Então se inventam “receitas” para a felicidade no casamento, como, por exemplo, discutir sempre a relação, dar-se e entregar-se, não fazer da vida uma rotina, agradar sempre, e outras estratégias, como se isso resolvesse. Resolver até resolve, mas infalivelmente a relação chega às vias de fato em que não se quer mais discutir a relação porque virou rotina, já não nos queremos dar nem receber porque a exaustão do relacionamento nos tira a energia e a disposição. Dos dez mandamentos para uma vida feliz, um deles fala sobre o casamento, afirmando que não se deve ambicionar a mulher do próximo – e deveria dizer também que não se deve ambicionar o marido da próxima – mas podemos imaginar um sujeito que peca em todos os outros nove, e o que pensaria a mulher dele sobre a relação entre os dois. Mas que digo eu? Nada que não se saiba. Basta admitir que sabemos o que de fato sabemos, e logo chegamos à conclusão que não basta raciocinar e então saber: É também imprescindível que possamos admitir para nós mesmos o que de fato sabemos.

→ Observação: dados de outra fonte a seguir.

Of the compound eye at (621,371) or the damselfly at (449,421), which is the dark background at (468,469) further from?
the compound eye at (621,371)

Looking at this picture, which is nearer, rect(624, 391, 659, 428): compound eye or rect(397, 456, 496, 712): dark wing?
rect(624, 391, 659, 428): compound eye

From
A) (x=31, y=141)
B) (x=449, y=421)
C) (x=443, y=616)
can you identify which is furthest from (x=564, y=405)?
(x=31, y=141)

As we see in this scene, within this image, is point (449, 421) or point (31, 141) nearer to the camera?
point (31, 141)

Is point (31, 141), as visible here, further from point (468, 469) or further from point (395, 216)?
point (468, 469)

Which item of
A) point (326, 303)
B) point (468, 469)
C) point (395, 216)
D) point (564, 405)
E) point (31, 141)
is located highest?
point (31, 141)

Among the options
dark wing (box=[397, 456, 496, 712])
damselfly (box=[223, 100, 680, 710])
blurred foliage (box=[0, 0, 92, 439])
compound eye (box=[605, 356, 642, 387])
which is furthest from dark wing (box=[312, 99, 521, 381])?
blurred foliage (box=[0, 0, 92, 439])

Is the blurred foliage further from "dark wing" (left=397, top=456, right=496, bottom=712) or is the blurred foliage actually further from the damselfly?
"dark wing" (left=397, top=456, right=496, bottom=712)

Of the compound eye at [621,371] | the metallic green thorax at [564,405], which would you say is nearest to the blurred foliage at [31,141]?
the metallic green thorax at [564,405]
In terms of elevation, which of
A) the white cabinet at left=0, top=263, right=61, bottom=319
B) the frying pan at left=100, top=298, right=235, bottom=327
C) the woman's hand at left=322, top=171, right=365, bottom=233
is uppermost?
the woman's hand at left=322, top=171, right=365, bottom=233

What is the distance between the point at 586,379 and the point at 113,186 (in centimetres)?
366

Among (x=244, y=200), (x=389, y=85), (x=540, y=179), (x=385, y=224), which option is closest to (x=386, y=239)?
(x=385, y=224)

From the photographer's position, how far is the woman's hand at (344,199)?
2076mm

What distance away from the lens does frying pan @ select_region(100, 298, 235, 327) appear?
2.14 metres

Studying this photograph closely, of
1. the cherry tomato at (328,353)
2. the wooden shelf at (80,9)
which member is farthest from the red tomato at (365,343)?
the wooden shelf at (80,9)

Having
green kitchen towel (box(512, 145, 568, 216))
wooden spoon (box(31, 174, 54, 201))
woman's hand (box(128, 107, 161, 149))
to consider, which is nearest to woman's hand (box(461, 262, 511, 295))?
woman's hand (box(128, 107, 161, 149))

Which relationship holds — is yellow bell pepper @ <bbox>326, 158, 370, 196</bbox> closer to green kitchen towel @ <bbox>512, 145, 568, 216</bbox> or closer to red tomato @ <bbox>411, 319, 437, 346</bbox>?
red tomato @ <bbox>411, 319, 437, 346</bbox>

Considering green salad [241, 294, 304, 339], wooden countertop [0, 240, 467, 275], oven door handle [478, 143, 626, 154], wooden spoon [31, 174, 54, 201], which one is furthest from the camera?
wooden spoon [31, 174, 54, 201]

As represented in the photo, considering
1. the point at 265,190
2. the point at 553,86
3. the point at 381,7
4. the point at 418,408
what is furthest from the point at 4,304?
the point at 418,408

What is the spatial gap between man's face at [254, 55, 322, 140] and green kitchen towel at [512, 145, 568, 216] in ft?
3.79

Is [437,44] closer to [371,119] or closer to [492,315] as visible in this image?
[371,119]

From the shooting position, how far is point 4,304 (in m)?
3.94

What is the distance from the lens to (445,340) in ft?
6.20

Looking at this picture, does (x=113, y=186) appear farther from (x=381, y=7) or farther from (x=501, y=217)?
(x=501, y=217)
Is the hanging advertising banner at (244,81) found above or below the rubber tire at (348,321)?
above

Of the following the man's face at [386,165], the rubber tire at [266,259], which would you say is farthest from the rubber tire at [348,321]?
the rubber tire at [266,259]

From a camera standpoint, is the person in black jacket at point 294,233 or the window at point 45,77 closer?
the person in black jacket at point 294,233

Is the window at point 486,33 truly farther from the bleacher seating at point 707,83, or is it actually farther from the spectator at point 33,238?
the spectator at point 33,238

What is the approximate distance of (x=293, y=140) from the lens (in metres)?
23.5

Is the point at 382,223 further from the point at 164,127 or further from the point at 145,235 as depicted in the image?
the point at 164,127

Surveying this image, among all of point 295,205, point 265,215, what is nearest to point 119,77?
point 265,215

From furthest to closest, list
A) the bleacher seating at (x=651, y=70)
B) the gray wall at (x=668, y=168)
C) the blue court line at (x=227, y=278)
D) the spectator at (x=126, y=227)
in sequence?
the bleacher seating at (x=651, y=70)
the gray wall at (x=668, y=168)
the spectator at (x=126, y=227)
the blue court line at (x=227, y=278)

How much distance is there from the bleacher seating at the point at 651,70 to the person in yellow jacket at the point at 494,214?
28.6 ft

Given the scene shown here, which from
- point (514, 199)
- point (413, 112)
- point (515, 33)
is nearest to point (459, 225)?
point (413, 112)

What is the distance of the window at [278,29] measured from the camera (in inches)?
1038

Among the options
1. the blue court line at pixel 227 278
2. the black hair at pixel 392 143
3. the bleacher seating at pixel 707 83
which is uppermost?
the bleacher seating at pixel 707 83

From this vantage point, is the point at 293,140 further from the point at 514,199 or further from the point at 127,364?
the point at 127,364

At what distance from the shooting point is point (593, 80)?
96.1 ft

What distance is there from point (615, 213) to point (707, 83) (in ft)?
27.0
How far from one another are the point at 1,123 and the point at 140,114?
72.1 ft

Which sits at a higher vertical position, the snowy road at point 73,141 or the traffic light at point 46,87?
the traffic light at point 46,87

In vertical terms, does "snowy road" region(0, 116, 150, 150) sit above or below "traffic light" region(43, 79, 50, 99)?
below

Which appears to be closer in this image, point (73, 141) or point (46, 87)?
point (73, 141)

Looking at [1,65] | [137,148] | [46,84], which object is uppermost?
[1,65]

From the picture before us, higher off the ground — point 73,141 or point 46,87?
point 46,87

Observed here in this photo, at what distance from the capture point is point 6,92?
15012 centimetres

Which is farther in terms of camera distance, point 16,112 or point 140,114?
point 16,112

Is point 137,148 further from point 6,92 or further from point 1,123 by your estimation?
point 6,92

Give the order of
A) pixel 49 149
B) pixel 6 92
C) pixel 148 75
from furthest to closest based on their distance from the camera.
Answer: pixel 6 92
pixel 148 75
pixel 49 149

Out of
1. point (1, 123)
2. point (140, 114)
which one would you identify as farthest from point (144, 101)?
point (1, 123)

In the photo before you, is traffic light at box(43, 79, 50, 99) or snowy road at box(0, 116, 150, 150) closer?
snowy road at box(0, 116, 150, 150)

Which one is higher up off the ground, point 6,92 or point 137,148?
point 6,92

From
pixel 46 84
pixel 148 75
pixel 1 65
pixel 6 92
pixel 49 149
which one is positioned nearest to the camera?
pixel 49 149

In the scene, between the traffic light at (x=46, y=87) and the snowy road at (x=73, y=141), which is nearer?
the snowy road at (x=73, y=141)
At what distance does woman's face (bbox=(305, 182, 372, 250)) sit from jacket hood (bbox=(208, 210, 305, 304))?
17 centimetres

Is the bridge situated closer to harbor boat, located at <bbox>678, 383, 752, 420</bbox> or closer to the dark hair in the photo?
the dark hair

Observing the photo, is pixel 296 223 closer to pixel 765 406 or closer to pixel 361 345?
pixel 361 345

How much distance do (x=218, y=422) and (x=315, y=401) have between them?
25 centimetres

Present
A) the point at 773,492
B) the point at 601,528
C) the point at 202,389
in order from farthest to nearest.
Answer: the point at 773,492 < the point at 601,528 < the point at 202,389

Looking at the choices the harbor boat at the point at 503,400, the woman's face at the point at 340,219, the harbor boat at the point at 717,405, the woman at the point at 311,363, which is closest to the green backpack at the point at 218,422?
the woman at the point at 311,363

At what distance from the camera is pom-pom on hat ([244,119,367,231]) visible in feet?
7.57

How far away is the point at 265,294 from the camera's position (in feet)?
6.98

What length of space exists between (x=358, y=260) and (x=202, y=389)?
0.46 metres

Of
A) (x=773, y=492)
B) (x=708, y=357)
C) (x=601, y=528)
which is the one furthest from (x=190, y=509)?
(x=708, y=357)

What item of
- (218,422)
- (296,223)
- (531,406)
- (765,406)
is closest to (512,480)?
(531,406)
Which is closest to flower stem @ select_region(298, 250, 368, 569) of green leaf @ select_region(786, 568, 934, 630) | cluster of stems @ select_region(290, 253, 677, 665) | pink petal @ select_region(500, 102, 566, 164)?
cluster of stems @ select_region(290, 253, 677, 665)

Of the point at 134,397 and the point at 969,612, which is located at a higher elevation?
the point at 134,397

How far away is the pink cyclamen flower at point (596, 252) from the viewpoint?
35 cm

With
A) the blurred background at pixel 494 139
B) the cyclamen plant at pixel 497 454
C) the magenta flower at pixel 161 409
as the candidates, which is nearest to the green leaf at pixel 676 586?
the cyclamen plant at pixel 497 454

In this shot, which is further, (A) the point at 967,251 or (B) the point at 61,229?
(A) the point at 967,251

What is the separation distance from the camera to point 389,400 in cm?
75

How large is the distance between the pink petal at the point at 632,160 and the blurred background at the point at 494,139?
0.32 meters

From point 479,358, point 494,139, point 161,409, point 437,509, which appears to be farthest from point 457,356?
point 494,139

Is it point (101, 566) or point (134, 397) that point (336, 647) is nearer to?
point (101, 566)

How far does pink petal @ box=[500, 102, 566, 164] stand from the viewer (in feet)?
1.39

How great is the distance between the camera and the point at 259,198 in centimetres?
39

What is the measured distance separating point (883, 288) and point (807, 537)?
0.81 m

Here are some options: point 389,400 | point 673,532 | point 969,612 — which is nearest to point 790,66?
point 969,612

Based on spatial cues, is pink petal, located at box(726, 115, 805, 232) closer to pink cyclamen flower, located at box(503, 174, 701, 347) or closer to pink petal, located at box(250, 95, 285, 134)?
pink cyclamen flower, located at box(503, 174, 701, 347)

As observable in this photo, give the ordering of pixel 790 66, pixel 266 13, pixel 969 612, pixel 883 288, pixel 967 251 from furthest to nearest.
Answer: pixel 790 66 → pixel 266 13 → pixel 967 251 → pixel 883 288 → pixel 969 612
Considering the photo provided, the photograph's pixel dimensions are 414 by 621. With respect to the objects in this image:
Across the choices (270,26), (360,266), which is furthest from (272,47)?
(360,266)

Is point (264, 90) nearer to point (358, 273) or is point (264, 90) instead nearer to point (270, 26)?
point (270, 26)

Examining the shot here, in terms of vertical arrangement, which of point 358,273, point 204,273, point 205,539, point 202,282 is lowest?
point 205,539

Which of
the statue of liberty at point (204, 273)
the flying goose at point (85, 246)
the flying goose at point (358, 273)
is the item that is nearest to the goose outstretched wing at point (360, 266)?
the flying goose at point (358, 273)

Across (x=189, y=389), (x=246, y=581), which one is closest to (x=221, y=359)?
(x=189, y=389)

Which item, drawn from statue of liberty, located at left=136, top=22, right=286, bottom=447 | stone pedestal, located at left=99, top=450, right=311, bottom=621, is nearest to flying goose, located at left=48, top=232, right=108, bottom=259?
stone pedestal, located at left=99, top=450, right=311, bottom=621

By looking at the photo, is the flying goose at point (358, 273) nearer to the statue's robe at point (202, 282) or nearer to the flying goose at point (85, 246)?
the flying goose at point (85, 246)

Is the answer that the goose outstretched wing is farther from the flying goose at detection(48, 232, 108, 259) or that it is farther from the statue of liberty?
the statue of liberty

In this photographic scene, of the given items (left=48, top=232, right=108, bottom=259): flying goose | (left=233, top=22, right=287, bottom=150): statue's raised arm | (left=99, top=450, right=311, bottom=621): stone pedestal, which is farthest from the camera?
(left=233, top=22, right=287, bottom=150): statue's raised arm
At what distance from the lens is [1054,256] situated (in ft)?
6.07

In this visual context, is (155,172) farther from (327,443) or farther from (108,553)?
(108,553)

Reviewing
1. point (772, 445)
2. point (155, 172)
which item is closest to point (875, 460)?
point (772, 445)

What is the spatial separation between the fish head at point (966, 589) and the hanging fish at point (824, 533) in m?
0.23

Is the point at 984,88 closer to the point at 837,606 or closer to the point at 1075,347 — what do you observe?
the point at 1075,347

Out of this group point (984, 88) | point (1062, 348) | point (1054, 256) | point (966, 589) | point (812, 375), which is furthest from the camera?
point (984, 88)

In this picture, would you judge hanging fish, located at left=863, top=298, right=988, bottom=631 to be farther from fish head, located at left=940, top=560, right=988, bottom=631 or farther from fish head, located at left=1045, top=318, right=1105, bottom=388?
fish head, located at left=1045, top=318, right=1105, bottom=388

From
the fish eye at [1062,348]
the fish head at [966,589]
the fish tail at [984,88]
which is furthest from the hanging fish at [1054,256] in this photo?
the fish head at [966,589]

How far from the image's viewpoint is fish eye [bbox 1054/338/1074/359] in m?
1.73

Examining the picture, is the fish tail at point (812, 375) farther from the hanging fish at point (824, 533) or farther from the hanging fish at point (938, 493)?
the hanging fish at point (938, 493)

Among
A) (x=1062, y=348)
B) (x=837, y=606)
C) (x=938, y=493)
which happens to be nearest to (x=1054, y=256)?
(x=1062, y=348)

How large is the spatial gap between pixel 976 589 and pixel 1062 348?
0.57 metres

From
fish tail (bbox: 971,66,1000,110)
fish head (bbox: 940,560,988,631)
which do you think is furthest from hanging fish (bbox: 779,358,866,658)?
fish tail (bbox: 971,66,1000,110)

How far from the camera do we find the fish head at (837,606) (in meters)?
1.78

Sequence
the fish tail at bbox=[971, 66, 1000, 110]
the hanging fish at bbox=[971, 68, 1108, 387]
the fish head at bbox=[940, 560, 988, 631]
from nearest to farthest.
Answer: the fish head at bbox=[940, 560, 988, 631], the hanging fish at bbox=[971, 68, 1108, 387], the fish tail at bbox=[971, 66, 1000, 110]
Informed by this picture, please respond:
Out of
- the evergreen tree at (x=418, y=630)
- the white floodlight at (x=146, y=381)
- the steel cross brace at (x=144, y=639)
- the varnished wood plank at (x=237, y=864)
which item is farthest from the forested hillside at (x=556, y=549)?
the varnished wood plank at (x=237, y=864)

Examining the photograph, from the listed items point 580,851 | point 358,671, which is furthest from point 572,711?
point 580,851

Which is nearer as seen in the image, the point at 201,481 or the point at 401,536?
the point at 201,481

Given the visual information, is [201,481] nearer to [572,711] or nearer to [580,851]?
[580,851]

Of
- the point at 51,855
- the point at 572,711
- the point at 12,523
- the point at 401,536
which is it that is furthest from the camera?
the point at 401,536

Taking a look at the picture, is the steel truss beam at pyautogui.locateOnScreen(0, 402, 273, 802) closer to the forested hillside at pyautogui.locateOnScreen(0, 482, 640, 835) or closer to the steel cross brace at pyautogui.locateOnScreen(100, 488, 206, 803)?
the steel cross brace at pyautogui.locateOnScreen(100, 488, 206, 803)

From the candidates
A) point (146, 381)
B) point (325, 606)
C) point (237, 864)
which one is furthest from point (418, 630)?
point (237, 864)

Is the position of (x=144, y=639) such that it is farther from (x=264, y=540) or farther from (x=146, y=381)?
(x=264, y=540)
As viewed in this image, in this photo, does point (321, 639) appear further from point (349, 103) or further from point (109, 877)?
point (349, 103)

Podemos ir mais longe... Quantas “facetas” do comportamento humano conhecemos nós, cada um de nós? Uma centena? Milhares? Milhões? Pois vos digo que são milhões vezes milhões, porque dependendo das circunstâncias podemos mudar nosso comportamento, dependendo do momento, se estamos de bom humor, se estamos num momento feliz, se temos dinheiro, se estamos em casa ou na rua, se temos ou não um bom emprego, se temos carro ou não, se somos ou não multados, se temos filhos e são felizes, se não são... Então, como conhecer alguém por um par de dias, de meses, ou até de anos, e dizer: É meu par para toda a vida? Se a vida muda a todo o instante? Então, presos na palavra da aliança de casamento, vamos fazendo concessões ao longo da vida, deixando de sermos nós mesmos, e logo aceitaremos grandes concessões.

Felizmente a humanidade tem o condão de perceber – mesmo que de forma inconsciente – os atoleiros em que se mete e com maior ou menor demora, consegue livrar-se deles. As mulheres já se livraram do “paternalismo” do pater-família, são independentes, e não precisam casar para terem sua independência. Pelo contrário, são agora independentes sem precisar casar, com a certeza de que Deus abençoa o “não casamento” para a vida e para além dela, da mesma forma que abençoa o não casamento de todo o reino vegetal e animal deste planeta e não temos razão alguma para achar que por não sermos “animais” Deus nos trataria de forma diferente. Somos como somos, e colhemos os frutos do que somos ao longo da vida. E assim como os seres humanos deste planeta são independentes e não precisam de paternalismos, nós que raciocinamos, preferimos sempre um presidente inteligente e instruído que nos representa lá fora, enquanto nos governamos aqui dentro, mas sempre nos perguntando o que queremos. Também somos independentes. A moda é apenas adereço dos corpos que têm uma mente. É uma ilusão que desvia as atenções da mente e nos faz perder a vontade de raciocinar, de tão fascinados que ficamos com a beleza. O construtor deste universo fez a natureza tão bela, que nos perdemos a apreciá-la pela imagem que nos transmite, sem nos darmos ao trabalho de a analisar e entender nos pequenos detalhes que sempre nos passam desapercebidos. Sou mais um analista de detalhes do que de paisagens.